If capital costs of CCS decline by a factor \(l \)such that the capital costs at a time t are given by:

$$\begin{aligned} c_t^{pc} =\left( {1-l} \right) ^{t}c_{0}^{pc} \end{aligned}$$

(12)

Then for a retrofit to occur at year \(\nu \) after an initial installation of the base plant at year \(\tau \), the retrofit penalty factor \(z\) must be less than the cumulative reduction in capital costs due to learning by doing:

$$\begin{aligned} z\le \left( {1-l} \right) ^{\tau -\upsilon }-1 \end{aligned}$$

(13)

Table 5 shows the maximum value of the retrofit penalty factor for different combinations of the annual percentage reduction in CCS capital costs, and the number of years between the initial plant installation and the retrofit:

Note that if the lifetime of the retrofitted plant is determined by the age of the uncontrolled plant as stated in Eq. (2), then the upper bounds of the retrofit penalty are lower than those presented in Table 6, since investors will have less time to recover the capital costs of the CCS investment. However, in the simulation analysis we assume that the retrofit extends the lifetime of the CCS plants as in Eq. 6.

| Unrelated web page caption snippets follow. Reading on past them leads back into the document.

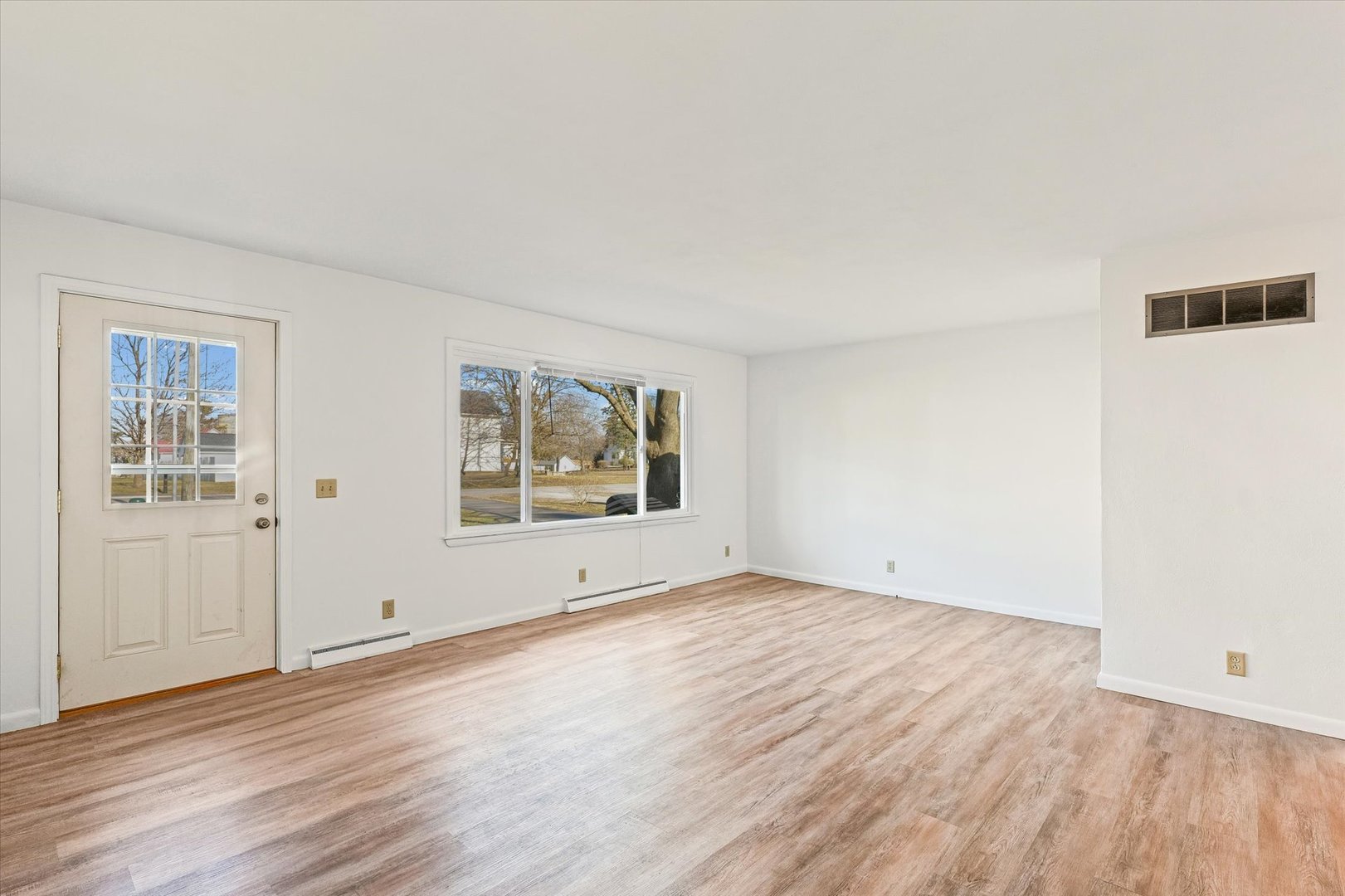 103 West Jefferson Street Philo, IL 61864 - Photo 7 of 36 an empty room with wooden floor and window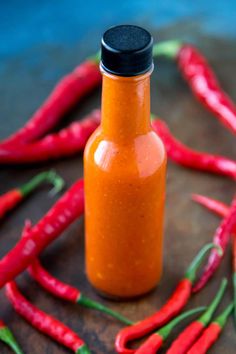 a bottle filled with hot sauce sitting on top of a table next to red chili peppers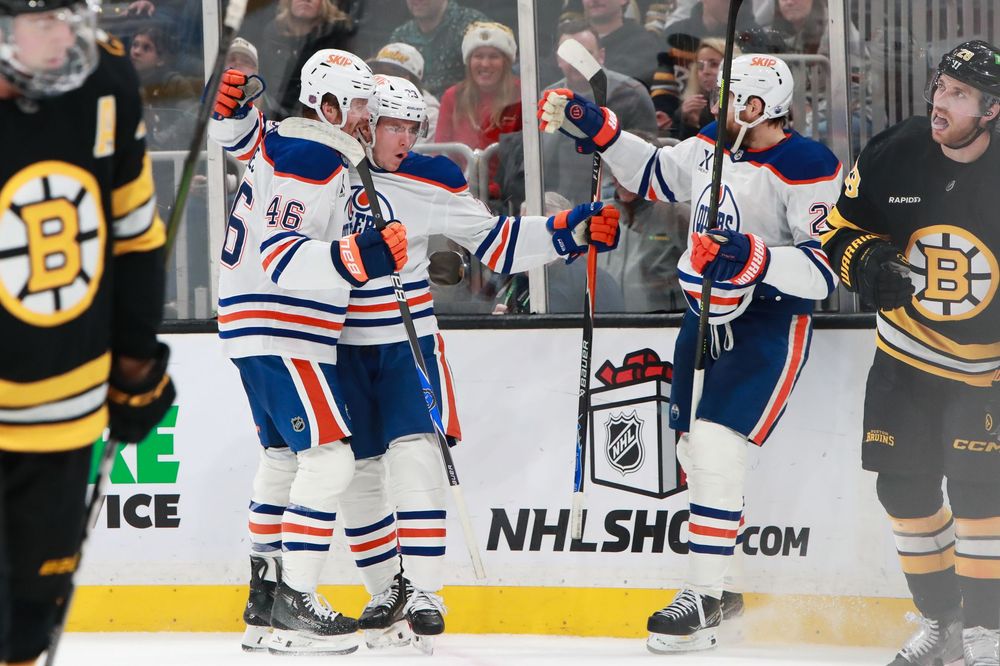 NHL players from the Oilers and Bruins face off during an intense hockey game.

Table 6 Maximum value of the retrofit penalty factor \(z\)( %)

As discussed in the paper, the simulation assumes that current capital costs of CCS are twice what they will be in year 12 of the simulation. This implies an annual learning rate \(l\) of 5.6 percent. If we assumed that emissions costs are constant (i.e. \(o\) and \(b\) are constant as suggested by Eq. 6) and there are no other environmental benefits or costs (due to emissions costs of other pollutants such as \(\text{ SO }_{2},\,\text{ NO }_{x}\), and mercury) then from Table 6 it can be observed that as long as there are 3 or more years between the initial plant installation and the retrofit, penalties of 20 % as assumed for the Pulverized Coal plants are within the bounds of penalties that allow the Flexible Emissions Standard to have a positive effect. Similarly, for the IGCC, a CCS retrofit penalty of 30 % requires that there are at least 5 years between the base plant installation and the retrofit. Note however than in the simulation there are other factors such as economic benefits from reduced compliance costs for other air pollutants, affecting the profitability of initial investments and retrofits.

1.6 Appendix 6: cost of CO\(_{2}\) emissions abatement

Table 7 shows the cost of \(\text{ CO }_{2}\) emission abatement under the three technology policies considered. The cost is found by dividing the reduction in the net present value of the change in investors’ profits by the reduction in cumulative \(\text{ CO }_{2}\) emissions over 43 years. Under perfect foresight, \(\text{ CO }_{2}\) emissions under the inflexible standard increase and profits decrease for the first 8 scenarios implying that compared to the baseline (i.e. no technology policy) the inflexible policy increases emissions while reducing investors’ profits. In contrast, the flexible policies in general reduce emissions at a cost that range from near $0 to $46/ton of \(\text{ CO }_{2}\).¹⁹ For the mid100 scenario the flexible policy has higher emissions and lower profits than under no technology policy, but profits are higher and emissions are lower than under the inflexible standard. Since the ACP for the flexible policies is set to achieve CCS installation at the same time or earlier than under the inflexible standard, it is unsurprising that the outcomes of these flexible policies are not always superior to those with no technology policy.